Converting a Wordpress site to a normal site – the masochist way
I don't like Wordpress anymore. There are too many options and the whole thing is too convoluted. I yearn for a simpler time. A happier time. A time when we designed websites by hand, by scrawling things like <p> and <table> in the dirt with a stick, not by using 'plugins' and 'themes'.
So recently I took some Wordpress posts and made them into a normal HTML website. This essentially consisted of copying the Wordpress posts into a new database and then displaying them using PHP.
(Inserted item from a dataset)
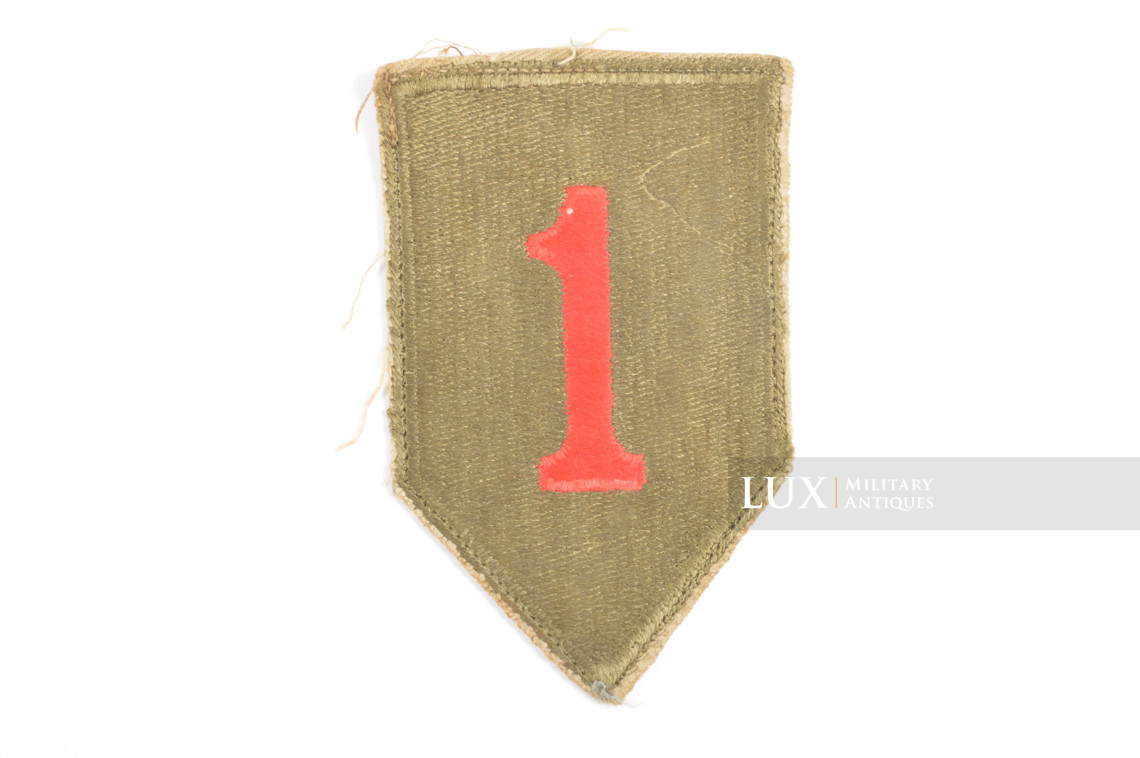 Insigne d’épaule US, 1st Infantry Division - photo 4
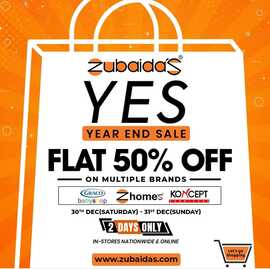 Zubaidas Graco Babyshop Year End Sale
As it turned out, the task was a lot more difficult than I first anticipated. I don't recommend it and I believe most people would be better off using a plugin like Simply Static or Really Static.
In this article, I'll discuss some of the issues I faced.
Moving posts from a Wordpress database to another database
The first step was easy. I had to copy the blog posts from the Wordpress database to the new database.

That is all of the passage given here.